The robot, which can answer specific Jeopardy! style trivia questions, will compete against the show's top performers Ken Jennings and Brad Rutter next week in a trio of episodes.
The fun won't end there. IBM said it will work with Massachusetts Institute of Technology (MIT), the University of Texas at Austin, the University of Southern California, Rensselaer Polytechnic Institute, SUNY Albany, the University of Trento in Italy, the University of Massachusetts Amherst and Carnegie Mellon University to teach Watson new skills.
At the center of the Watson creation is Question Answering (QA) technology. IBM said the technology uses breakthrough analytics to understand what is being asked, analyze massive amounts of data, and provide the best answer based on the evidence it finds. The PBS show Nova documented the four-year process in which Watson was created and the struggles it endured.

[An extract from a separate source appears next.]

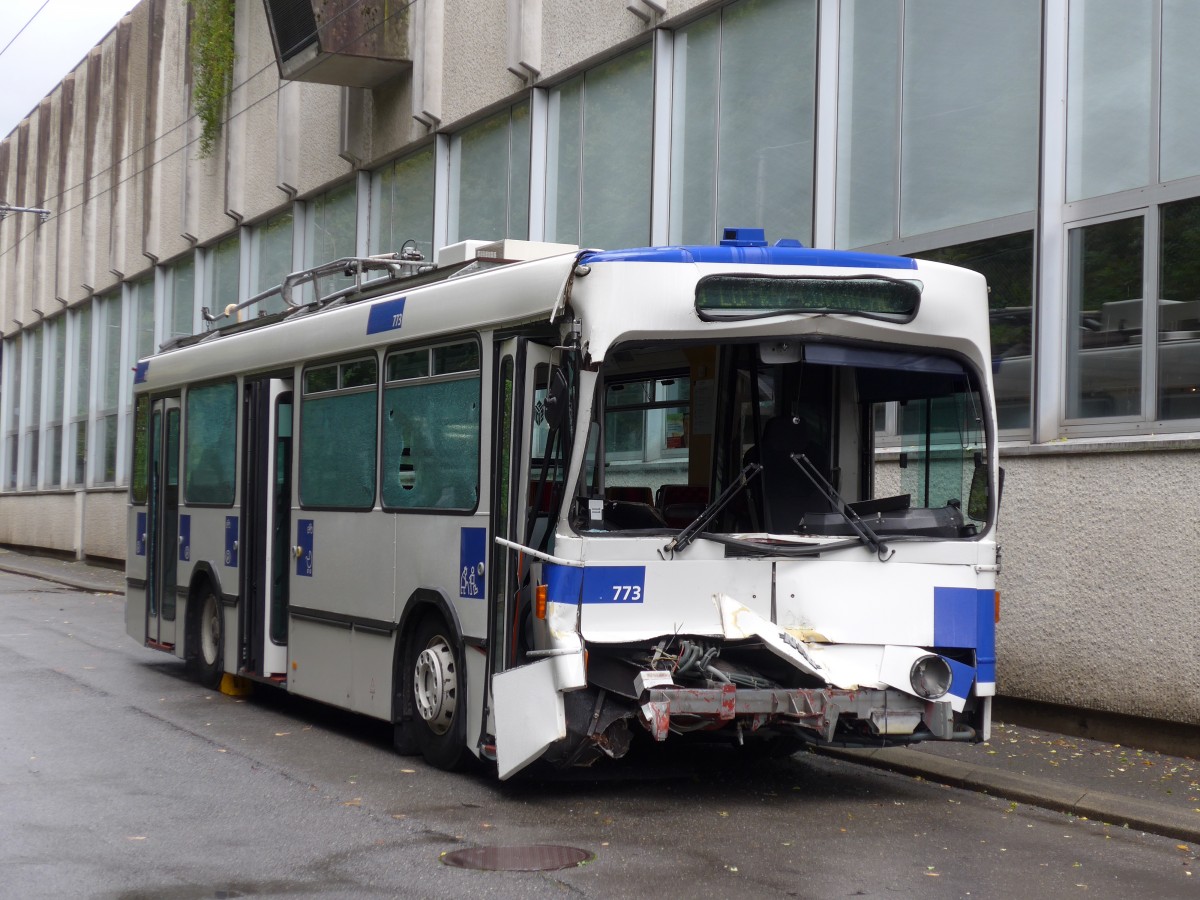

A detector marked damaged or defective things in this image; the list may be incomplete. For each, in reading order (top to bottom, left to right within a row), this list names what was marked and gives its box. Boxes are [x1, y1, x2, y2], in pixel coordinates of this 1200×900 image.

We are glad to be collaborating with such distinguished universities and experts in their respective fields who can contribute to the advancement of QA technologies that are the backbone of the IBM Watson system. The success of the Jeopardy! challenge will break barriers associated with computing technology's ability to process and understand human language, and will have profound effects on science, technology and business, Dr. David Ferrucci, leader of the IBM Watson project team, said in a statement.

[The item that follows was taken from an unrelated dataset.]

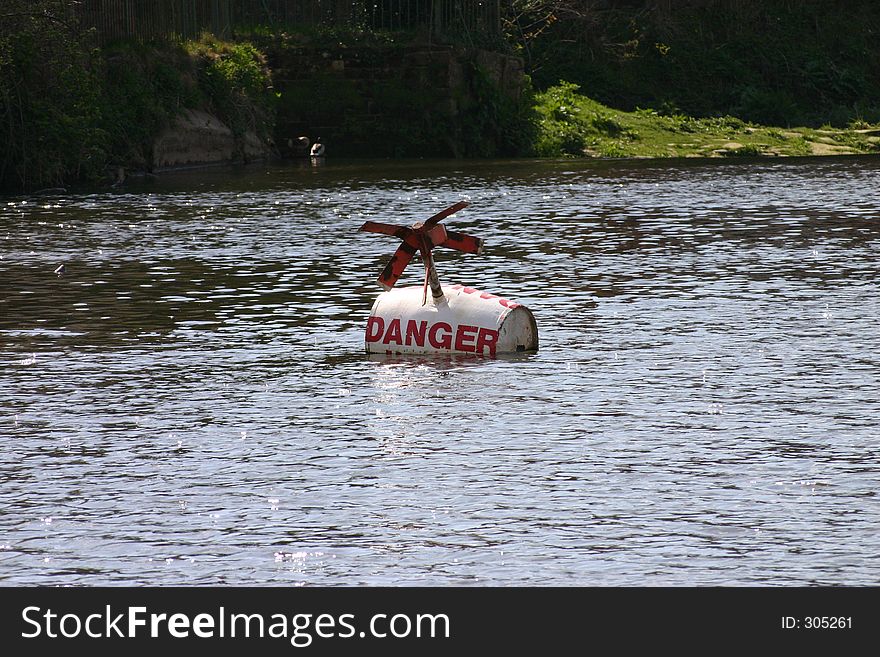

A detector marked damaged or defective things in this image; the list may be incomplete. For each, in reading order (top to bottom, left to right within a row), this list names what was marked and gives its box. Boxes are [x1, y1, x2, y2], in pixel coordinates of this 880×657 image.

rusted metal bracket [358, 200, 482, 304]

Like many of the other collaborating universities, Carnegie Mellon will assist in the development of the Open Advancement of Question-Answering Initiative (OAQA) architecture and methodology. This includes a source expansion algorithm identifying the best text resources for answering questions about given topic and an answer-scoring algorithm.
Applying QA technology to the real-time Jeopardy! problem is an important challenge for the field because it requires a system to respond more quickly and with a level of confidence that has not been possible to-date, Carnegie Mellon University professor Eric Nyberg said in a statement. Jeopardy! requires forms of reasoning that are quite sophisticated, using metaphors, puns, and puzzles that go beyond basic understanding of the language. As a challenge problem, Jeopardy! will stretch the state of the art.

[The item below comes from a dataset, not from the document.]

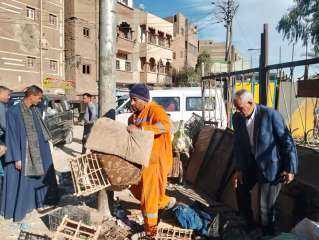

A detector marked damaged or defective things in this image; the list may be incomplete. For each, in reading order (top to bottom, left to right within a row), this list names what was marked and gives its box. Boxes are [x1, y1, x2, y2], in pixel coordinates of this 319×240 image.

broken furniture [69, 154, 111, 197]
broken furniture [53, 216, 101, 240]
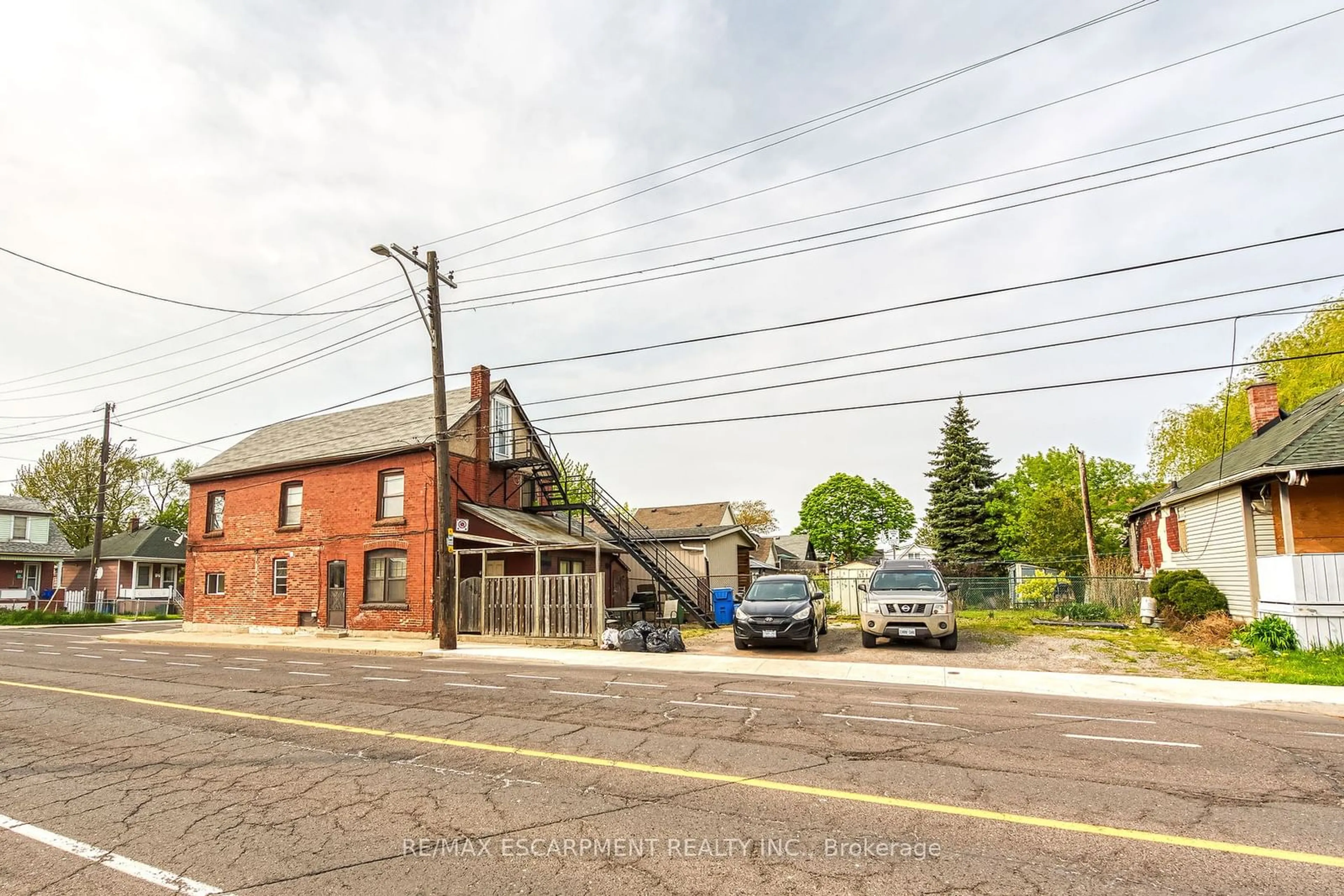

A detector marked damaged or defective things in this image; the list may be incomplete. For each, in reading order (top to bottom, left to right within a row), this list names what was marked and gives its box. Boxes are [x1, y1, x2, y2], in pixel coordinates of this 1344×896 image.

cracked asphalt road [0, 627, 1338, 890]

The University of Massachusetts Amherst team will work on information retrieval, or text search. The team of researchers from the University at Albany will develop an interactive QA capability for sustained investigation. The Rensselaer Polytechnic Institute team will work on a visualization component that will show how Watson uses massively parallel analytics to form a human like response. The Trento researchers will look at machine learning, question answering and conversational agents.
The research will hope to give Watson more uses than simply dominating on Jeopardy! IBM said it hopes Watson will transform the way businesses and society work and improve many industries, and even assist in research.